───── Records provided ─────

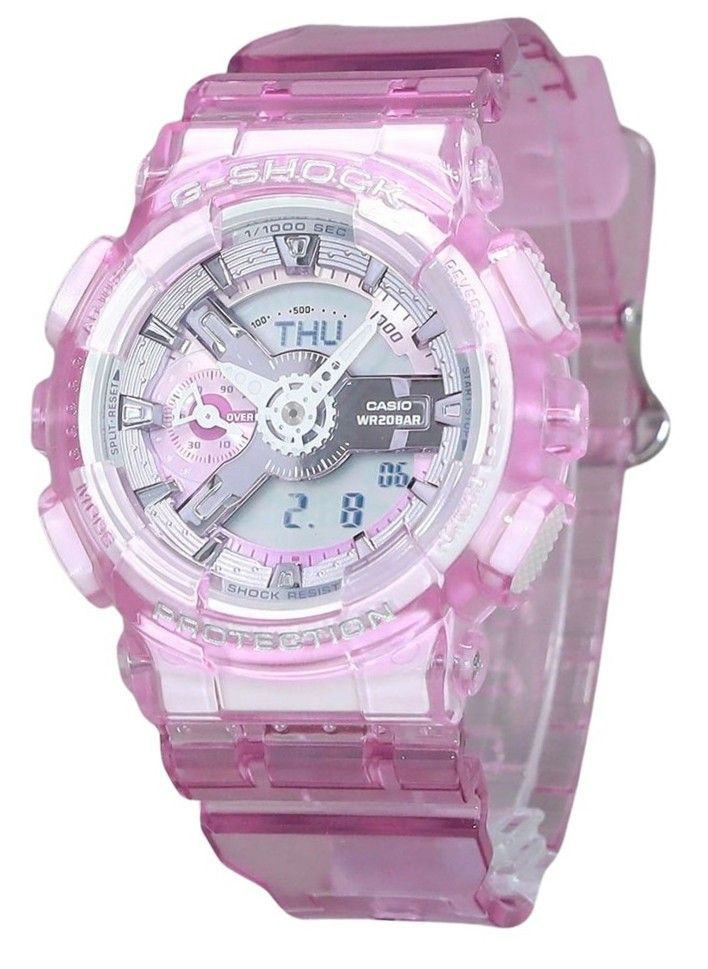 Casio G-Shock Analog Digital Virtual Worlds Translucent Pink Multicolor Dial Quartz GMA-S110VW-4A 200M Women's Watch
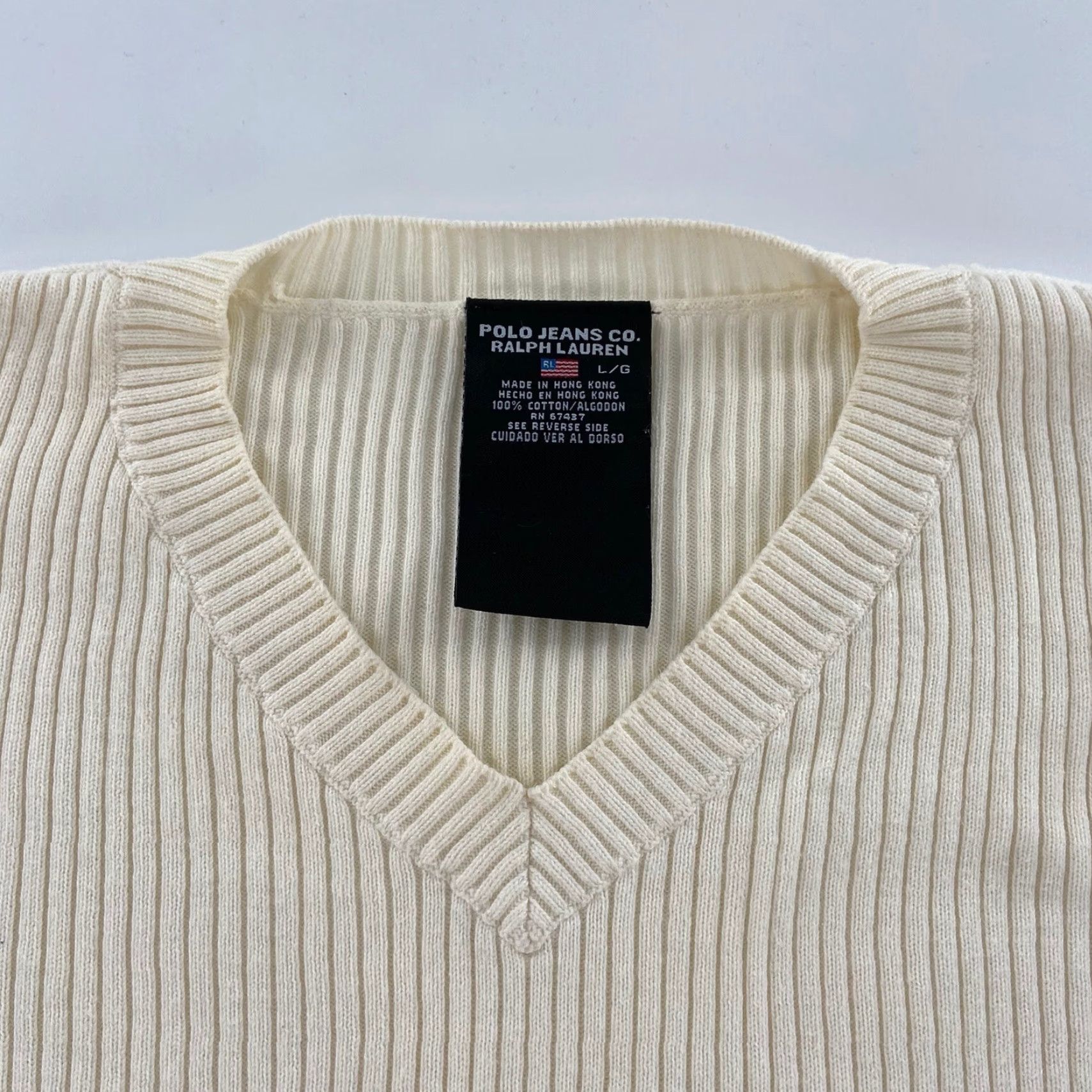 Vintage VINTAGE Polo Jeans Co. Striped Sweater Adult Large White Long Sleeve V-Neck Pullover Mens Size US L / EU 52-54 / 3 - 3 Thumbnail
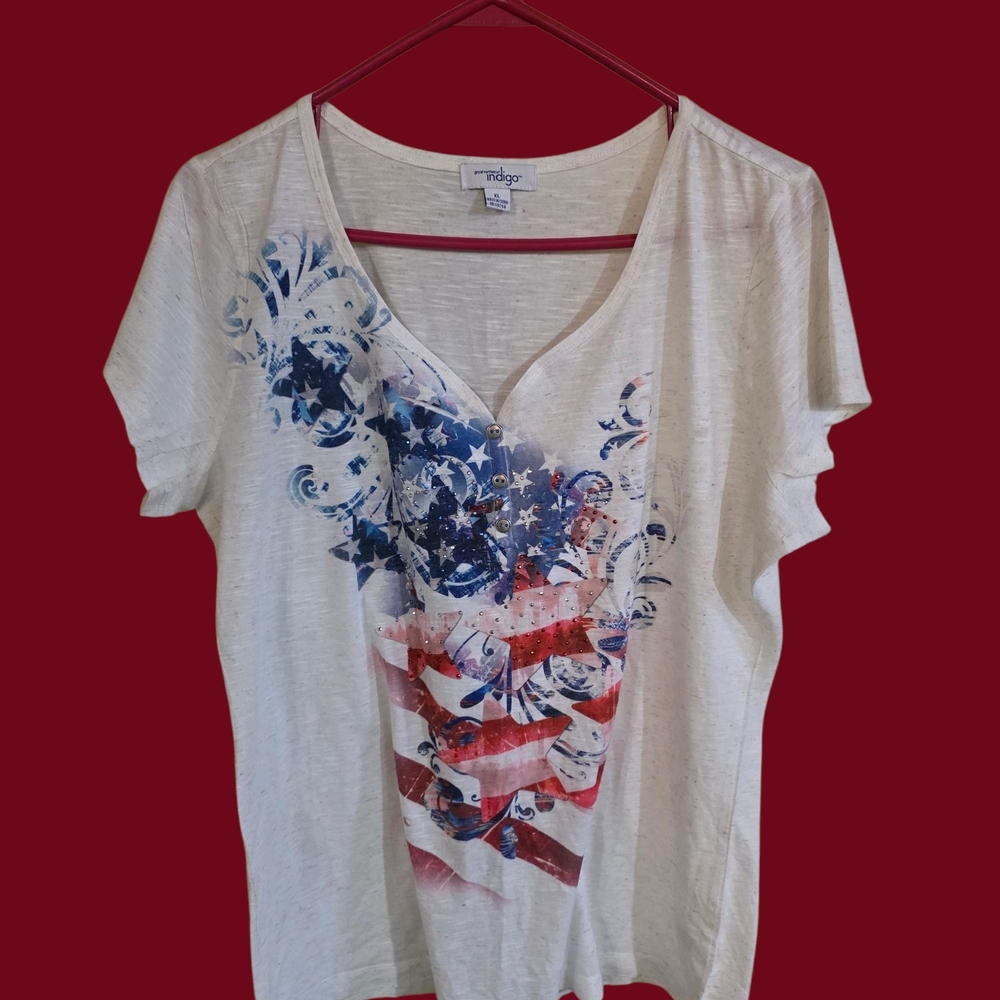 Indigo Cream Red Graphic Tee Relaxed Short Sleeve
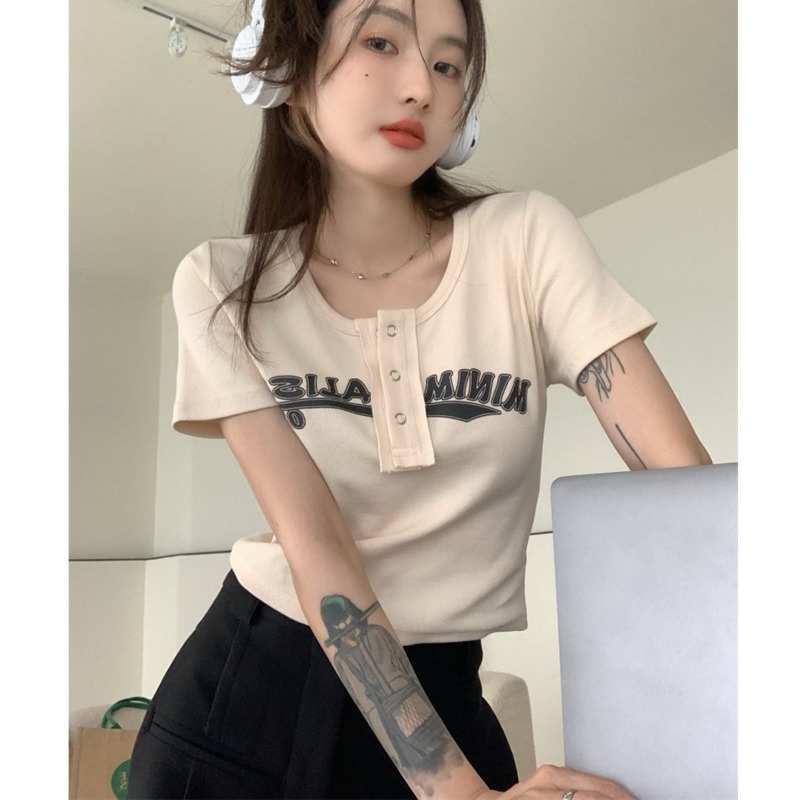 Áo Thun Tay Ngắn In Chữ Phong Cách Hàn Quốc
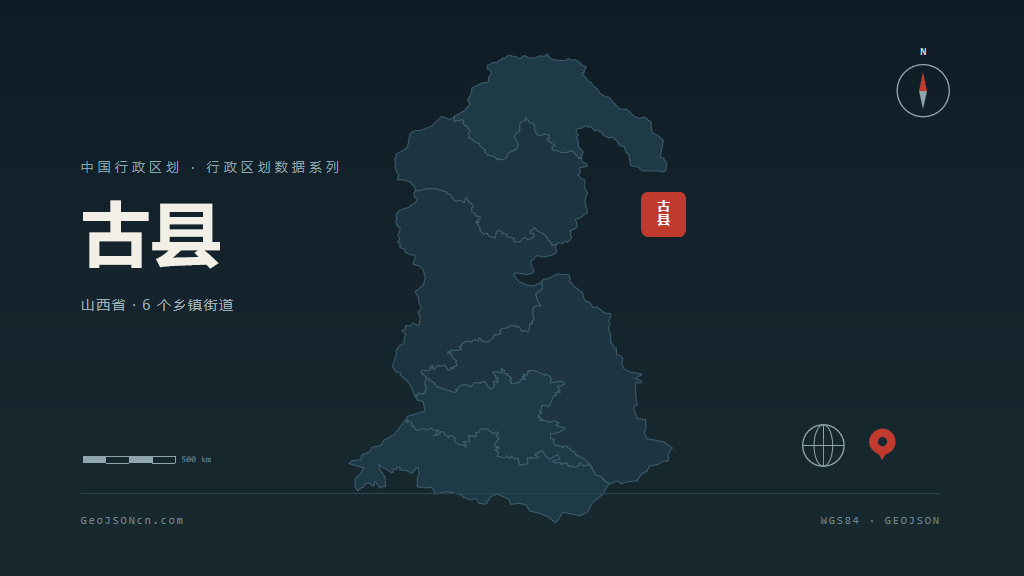 临汾古县矢量行政区划地图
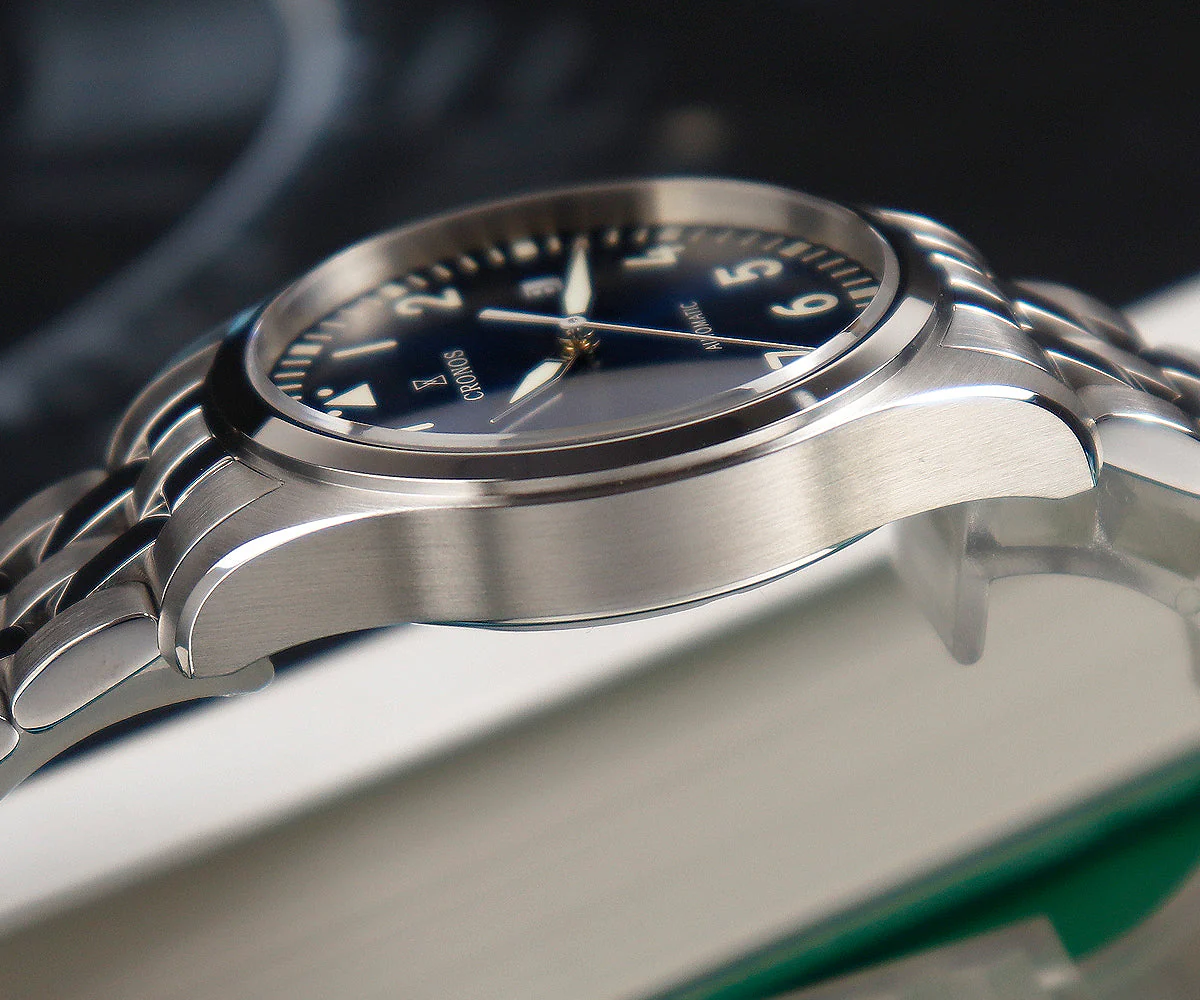 Cronos 39mm Vintage Pilot Mechanical Men Watch 5links Bracelet L6012 - Image 16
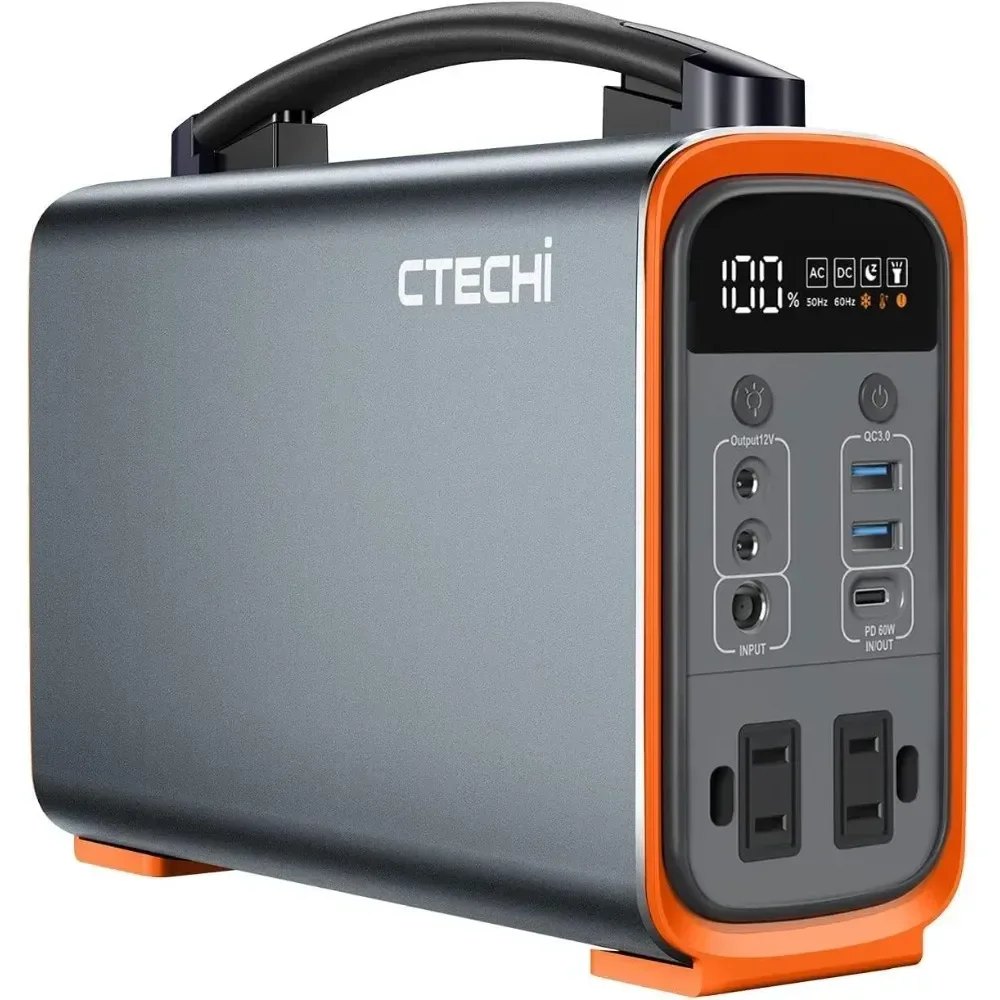 Estação de energia portátil Lifepo4 320Wh, geradores solares 200W fonte de alimentação de emergência para camping, viagens, emergência CPAPand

─────

> Activity
Please retype the lines from the one that contains "Cronos 39mm Vintage" to the final line of the records, both included, exactly as written and without any pictures.

> Written reply
 Cronos 39mm Vintage Pilot Mechanical Men Watch 5links Bracelet L6012 - Image 16
 Estação de energia portátil Lifepo4 320Wh, geradores solares 200W fonte de alimentação de emergência para camping, viagens, emergência CPAPand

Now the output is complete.